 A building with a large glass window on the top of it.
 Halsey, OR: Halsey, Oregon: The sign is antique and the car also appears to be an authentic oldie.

==

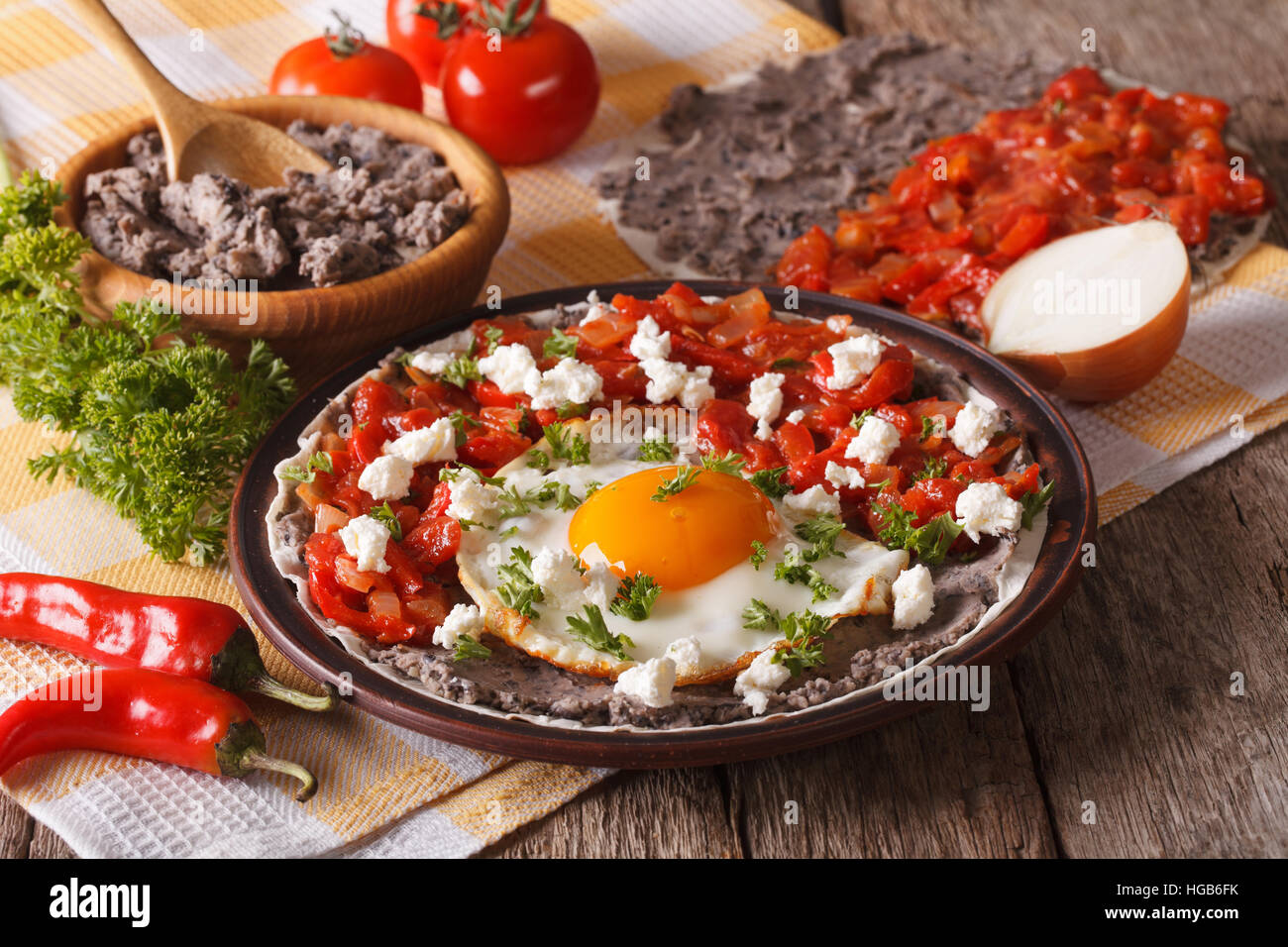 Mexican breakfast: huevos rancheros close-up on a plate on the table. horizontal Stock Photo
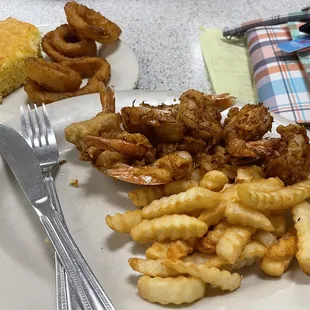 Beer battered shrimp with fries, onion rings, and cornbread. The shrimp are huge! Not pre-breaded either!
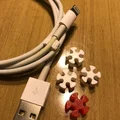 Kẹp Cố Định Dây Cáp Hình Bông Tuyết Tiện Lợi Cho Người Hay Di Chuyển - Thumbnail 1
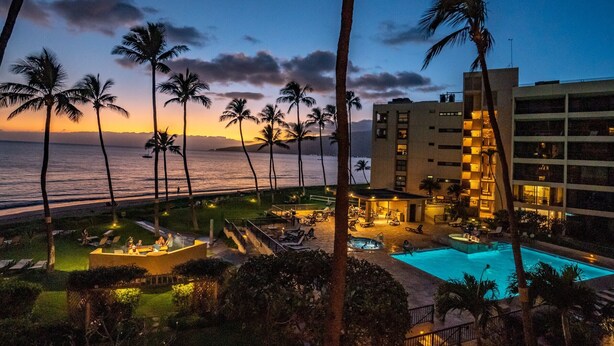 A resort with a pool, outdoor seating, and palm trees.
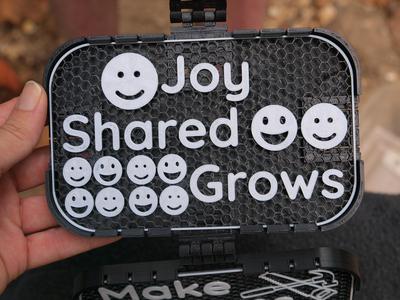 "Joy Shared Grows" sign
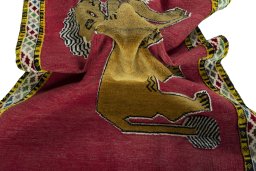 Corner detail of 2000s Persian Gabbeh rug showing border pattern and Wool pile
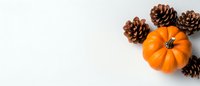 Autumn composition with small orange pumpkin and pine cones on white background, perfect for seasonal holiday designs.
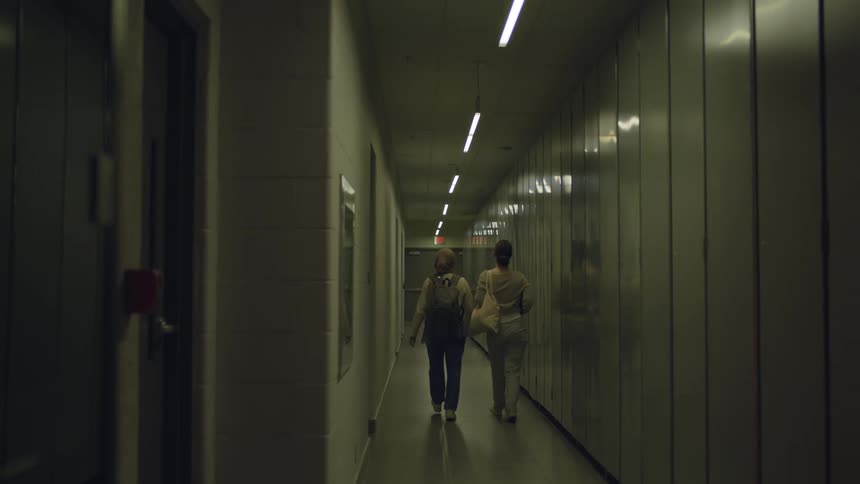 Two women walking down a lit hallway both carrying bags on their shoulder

--

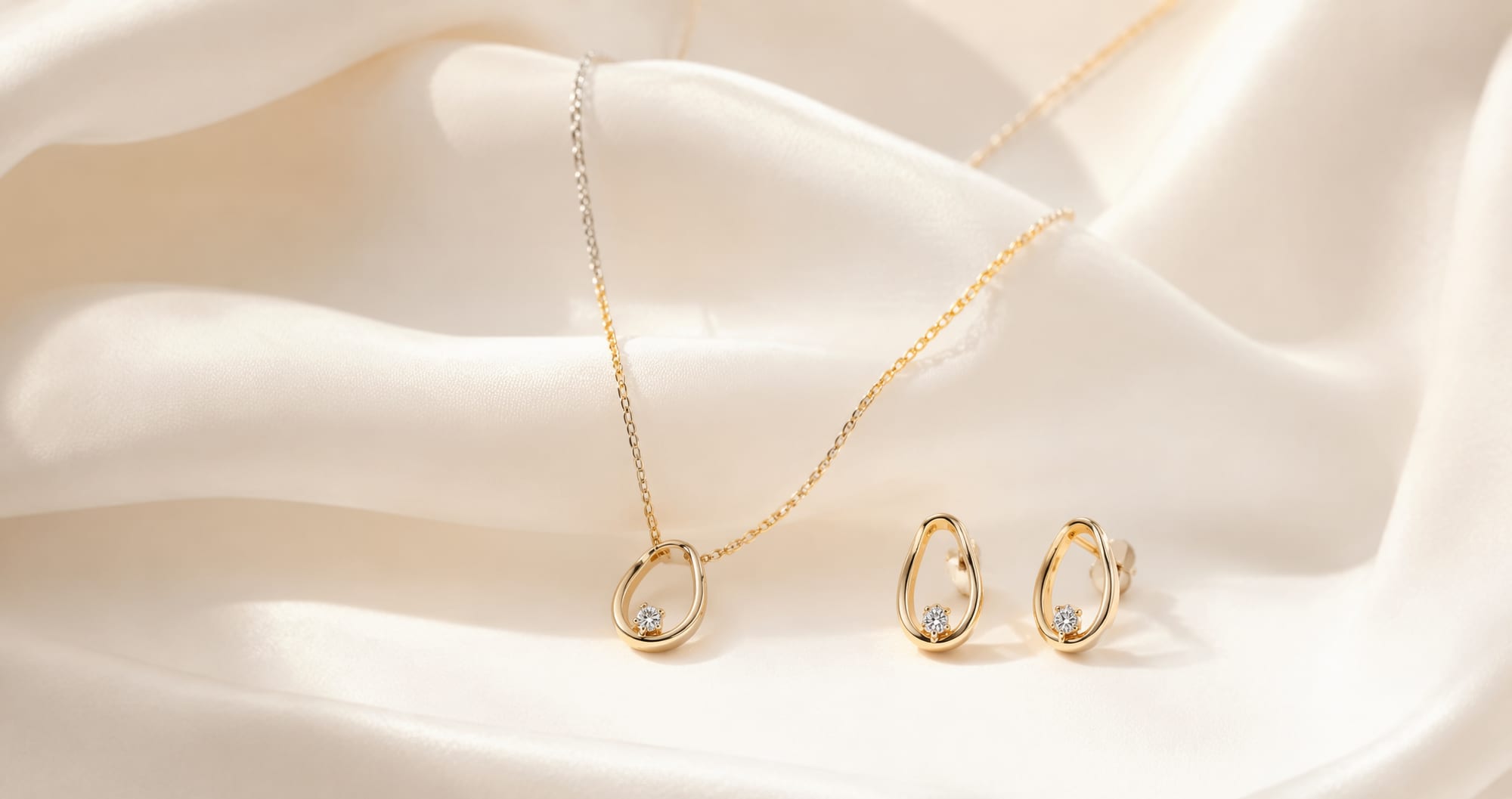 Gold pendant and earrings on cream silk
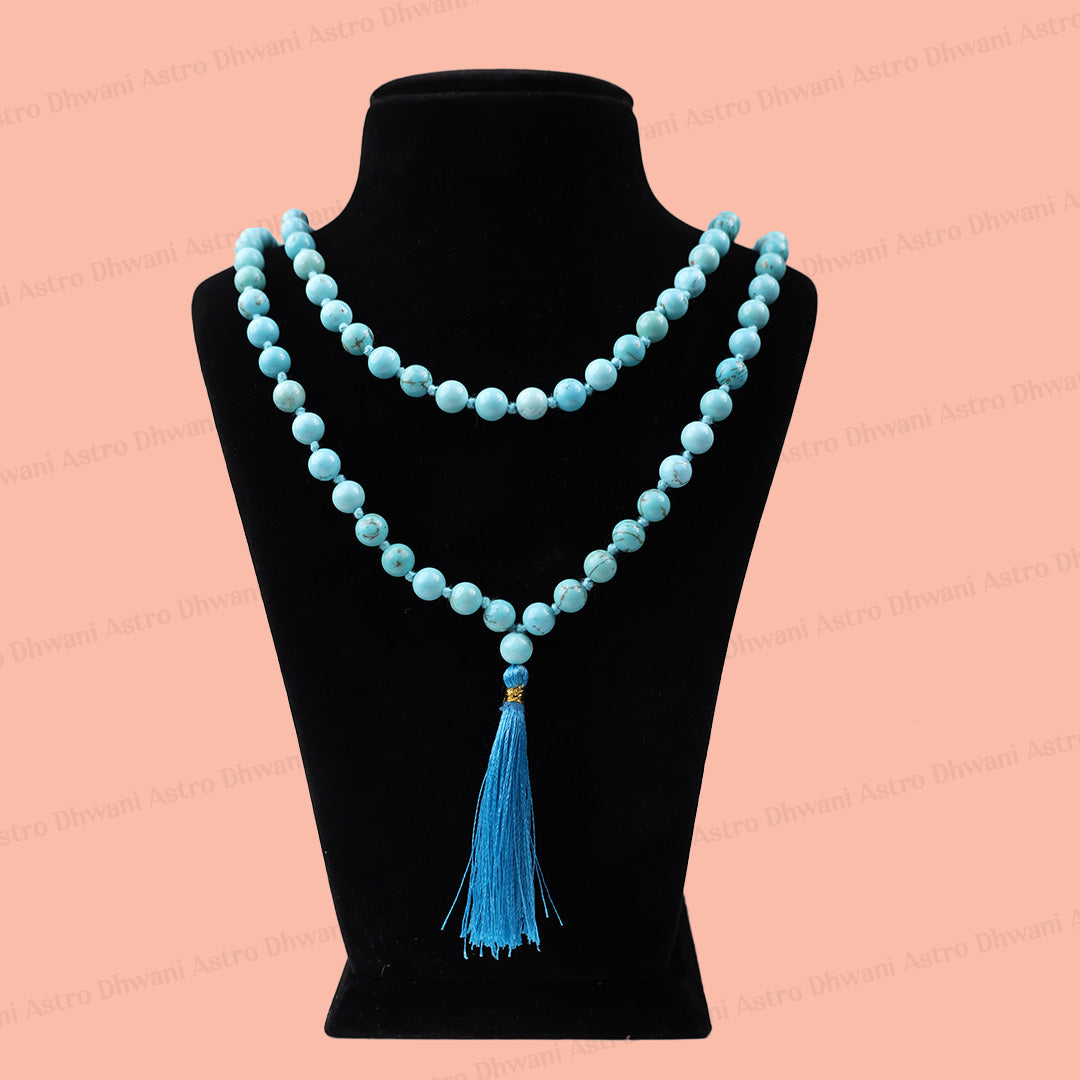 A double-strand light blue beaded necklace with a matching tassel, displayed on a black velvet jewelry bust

TASK INSTRUCTIONS
Using the entries above, transcribe every line from the line containing "Autumn composition with" through the line containing "Two women walking". Do not copy pictures.

RESPONSE TO THIS EXERCISE
 Autumn composition with small orange pumpkin and pine cones on white background, perfect for seasonal holiday designs.
 Two women walking down a lit hallway both carrying bags on their shoulder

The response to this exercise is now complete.